I chirurghi? Facevano orrori! Parte 2

Tra salassi e amputazioni, viaggio nelle sale operatorie di ieri per capire quanto siamo fortunati oggi.

Ecco la seconda parte del post sugli orrori dei chirurghi. La prima parte la trovate QUA.

Il metal-detector di Bell
Ma è quanto accadde al Presidente degli Stati Uniti James Abraham Garfield a documentare meglio lo stato della chirurgia precontemporanea. Nel 1881 Garfield fu centrato da due proiettili di un attentatore, Charles Guiteau: uno dei due proiettili gli scalfì una spalla, l’altro, entrato dall’inguine, rimase conficcato in un punto imprecisato del corpo e nei giorni seguenti ben 16 tra medici e chirurghi si alternarono alla Casa Bianca per capire dove fosse finito.
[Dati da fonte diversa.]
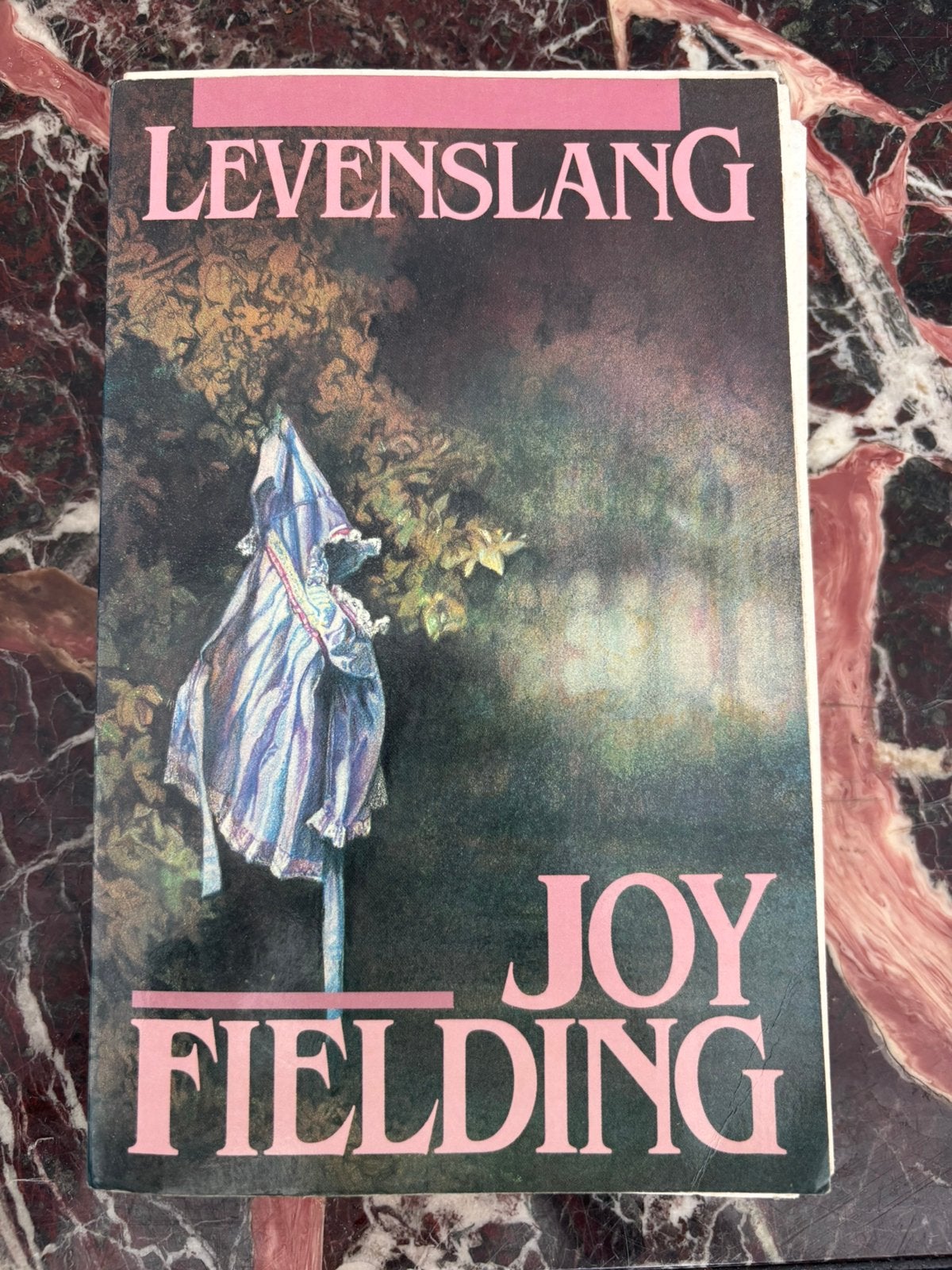 Boek: Levenslang - Joy Fielding, Ophalen of Verzenden, Gelezen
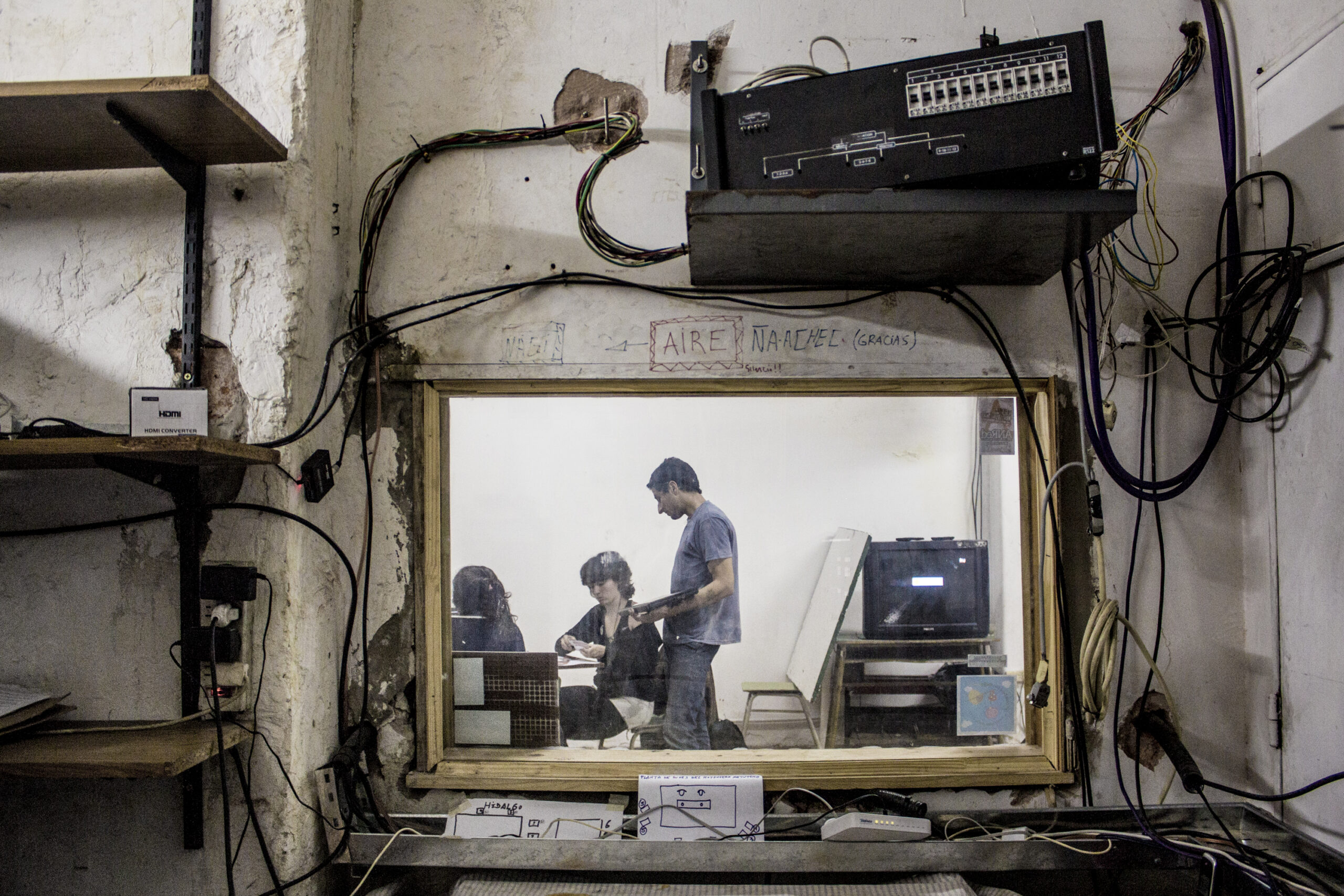 Entretien avec Anita Pouchard Serra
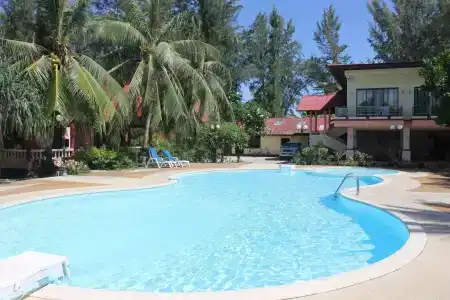 d.r. Lanta Bay Resort - 11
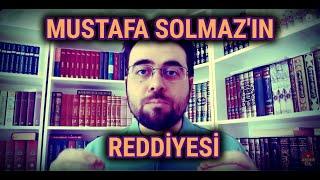 Mustafa Solmaz'ın Diamond Tema Reddiyesi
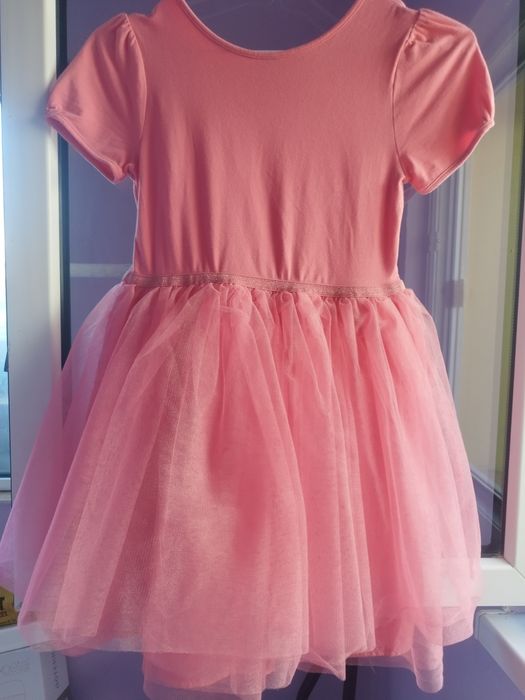 Дрехи за момиче 9-10г/134-140см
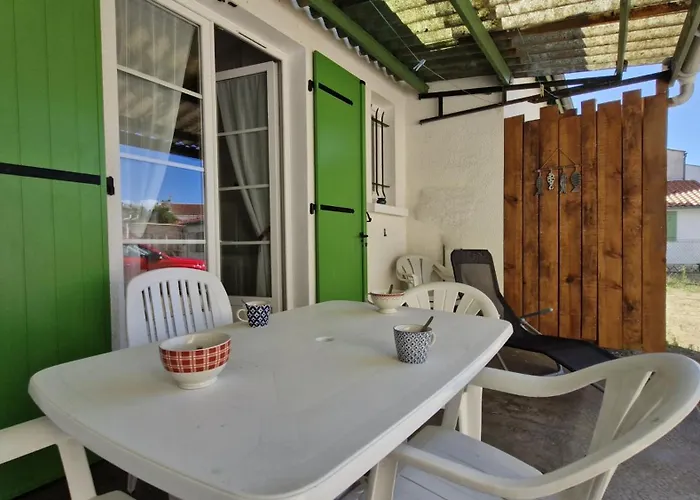 St Georges De Didonne - Maison En Plein Centre-ville - Proche Villa Saint-Georges-de-Didonne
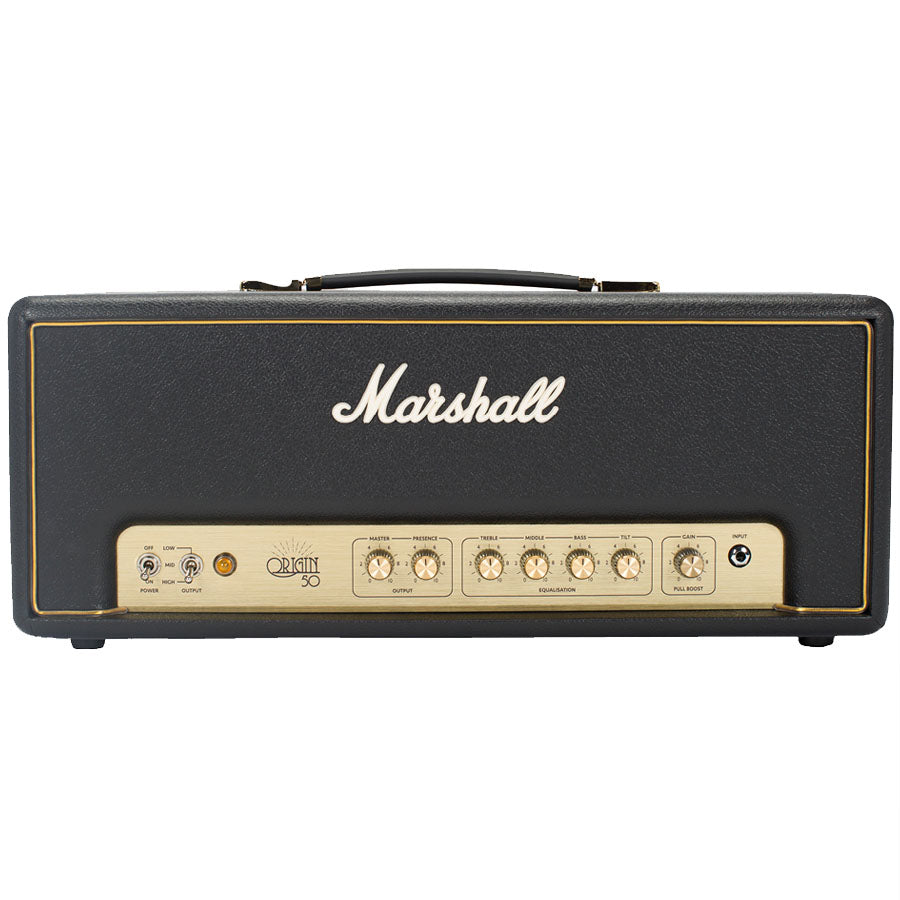 Marshall Origin 50H Head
Ebbene, il primo di loro, Willard Bliss, introdusse un dito poi una sonda nella ferita, aprendo per così dire una “via” obbligata all’esplorazione dei colleghi i quali, continuando la ricerca, finirono per toccare con le mani il fegato dell’illustre paziente. Anche Graham Bell, già noto come inventore del telefono, fu chiamato al capezzale del Presidente. Bell si servì in quella circostanza di un primitivo metal-detector, che segnalò effettivamente un oggetto metallico: ma non era il proiettile cercato, erano le molle del materasso. Garfield morì 80 giorni dopo l’attentato per una infezione diffusa (setticemia) e al processo i difensori di Guiteau sostennero che causa della morte erano state le manovre non sterili dei medici e non i colpi dell’attentatore: il proiettile nascosto infatti fu rinvenuto durante l’autopsia vicino alla colonna vertebrale, in posizione innocua. Ma questa versione dei fatti, probabilmente esatta, non fu creduta da giudici e giurati e l’attentatore morì impiccato.

Mani sporche
In realtà la chirurgia dell’epoca doveva fare i conti soprattutto con tre questioni che trovarono soluzione soltanto in pieno Ottocento: il problema dell’emorragia, quello della sepsi (cioè la prevenzione e la cura delle infezioni operatorie) e quello del dolore. Per bloccare l’emorragia fu importantissima l’invenzione delle pinze “a presa dentata” o di Cocker, lo strumento che durante gli interventi permette di chiudere arterie o vene, anche di grosse dimensioni, tagliate dal chirurgo: ma siamo già nella seconda metà dell’Ottocento. Per quanto riguarda la sepsi, l’episodio più significativo è quello di Ignaz Semmelweis, assistente nella clinica ostetrica di Vienna. Verso il 1850 Semmelweis scoprì che nel reparto universitario di ostetricia la febbre puerperale, una infezione che colpiva le donne subito dopo il parto, aveva una frequenza quattro volte superiore rispetto a quella che si registrava nel reparto non universitario. «La ragione è semplice», spiegò il giovane chirurgo dopo aver investigato: «tra un parto e l’altro gli universitari, per motivi di studio inerenti al loro ruolo, fanno le autopsie e sono le loro mani infette a contagiare le donne». Per anni Semmelweis non venne creduto ma quando gli ostetrici dell’università viennese presero l’abitudine di disinfettarsi le mani con acqua e cloro prima di entrare in sala parto, i casi di febbre puerperale, fino a quel momento ritenuta conseguenza inevitabile del parto, diminuirono drasticamente.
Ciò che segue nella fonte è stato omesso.